Den Befehl hatte Manfred von Killinger erteilt, Mitglied der Brigade Ehrhardt, Teilnehmer am Kapp-Putsch und inzwischen so etwas wie Operationschef der O.C. Er ließ zwei jüngere Mitglieder dem Reichsfinanzminister Matthias Erzberger im Schwarzwald auflauern und ihn erschießen.
Was dabei das Kalkül war, konnte auch die Historikerin Gabriele Krüger nicht ermitteln, die 1971 das immer noch maßgebliche Buch über die Brigade Ehrhardt veröffentlichte: „Der Erzberger-Mord hob die O.C. ins Licht der Öffentlichkeit.“ Das konnte dem Geheimbund eigentlich nicht gefallen – immerhin wurde Killinger festgenommen und angeklagt (allerdings nicht verurteilt).
Als militärische Struktur wurde die O.C. nun zerschlagen, als kleine Terrorgruppe aber existierte sie weiter. Am 4. Juni 1922 griffen zwei Mitglieder Philipp Scheidemann mit Blausäurespritzen an. Der SPD-Politiker überlebte knapp.

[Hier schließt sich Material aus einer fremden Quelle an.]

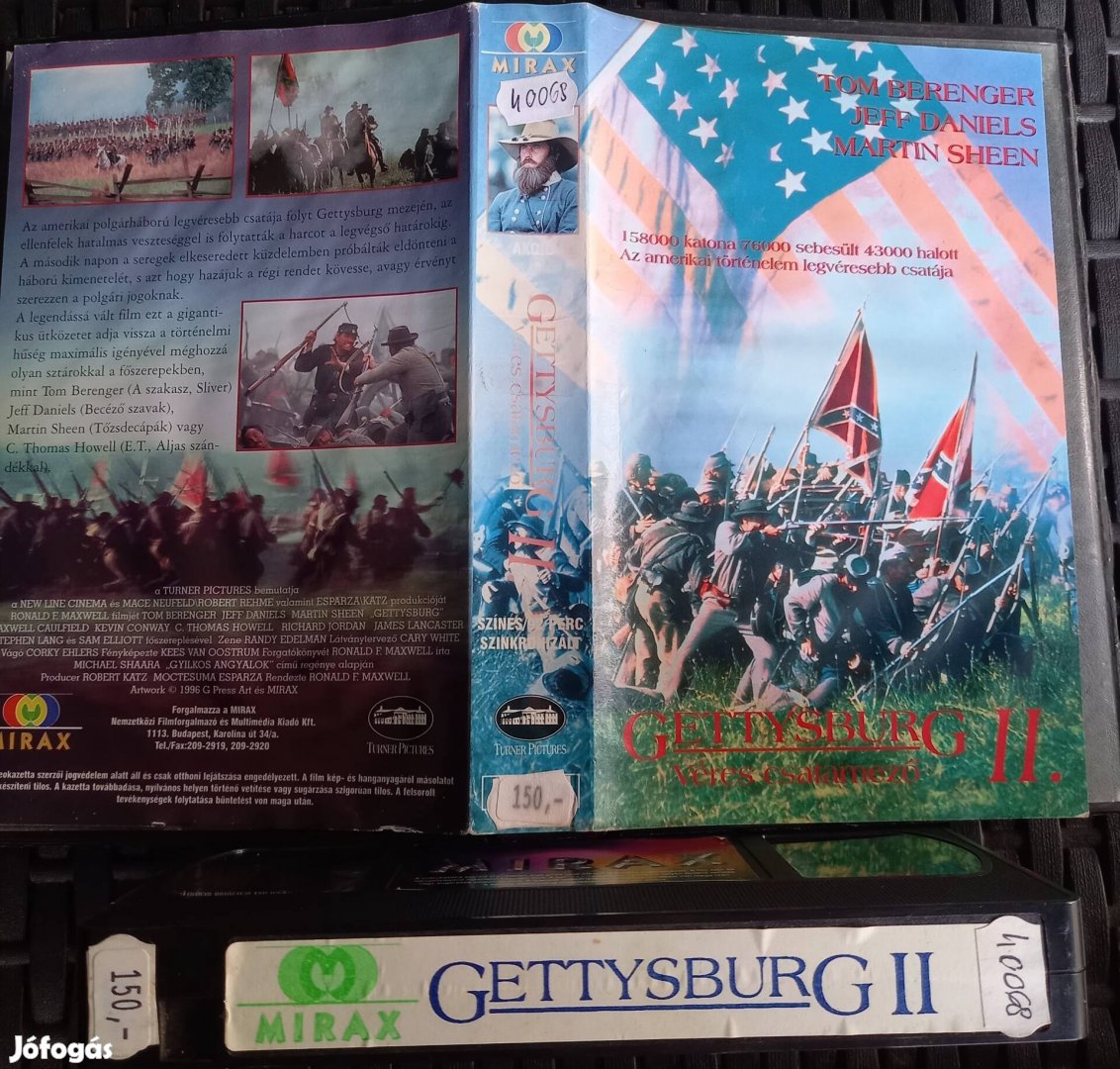 Gettysburg II. - háborus vhs- Jeff Daniels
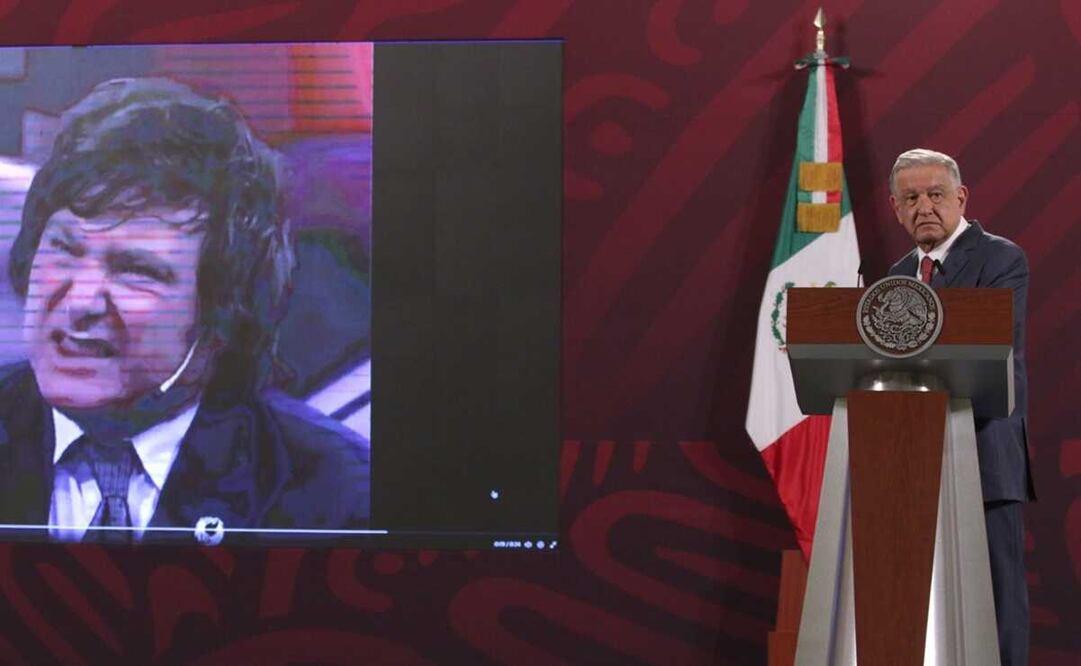 El presidente López Obrador aseguró que no hay simulación en Javier Milei ni hipocresía porque eso es lo que piensa, no como otros conservadores que son hipócritas. Foto: Carlos Mejía / EL UNIVERSAL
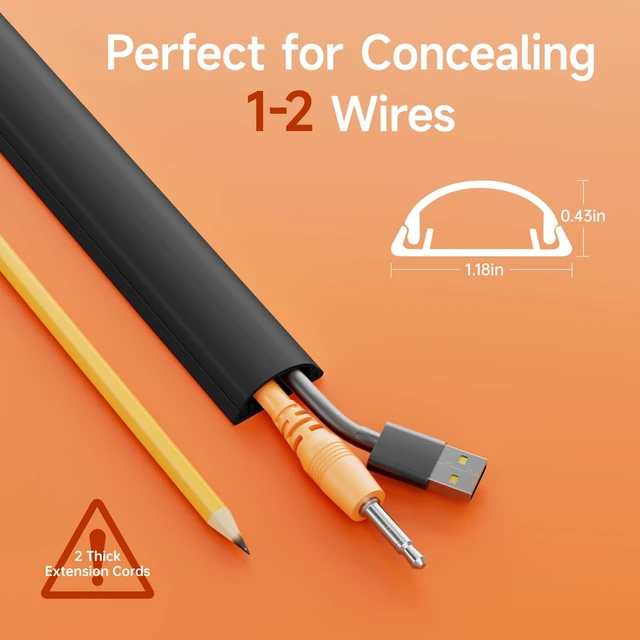 Alt view image 2 of 7 - 85in Adhesive Cord Hider Wall, Mounted TV Cord Cover Kit, Multiple Cable Raceways for Wall Corner, Wire Cover Hiders for 1-2 Cables, 1.18" W X 0.43" H, Black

Anders als Walther Rathenau am 24. Juni 1922. Als Demokrat und Jude war er den rechtsextremen Tätern der O.C. doppelt verhasst. Sie erschossen ihn in seinem offenen Wagen in Berlin-Grunewald.
Nun allerdings griff der Staat endlich durch. Reichskanzler Joseph Wirth stellte klar: „Dieser Feind steht rechts!“ Die O.C. wurde zerschlagen, die meisten rechtsradikalen Organisationen verboten – außer in Bayern. Hier existierte auch die NSDAP weiter und wurde zum Auffangbecken.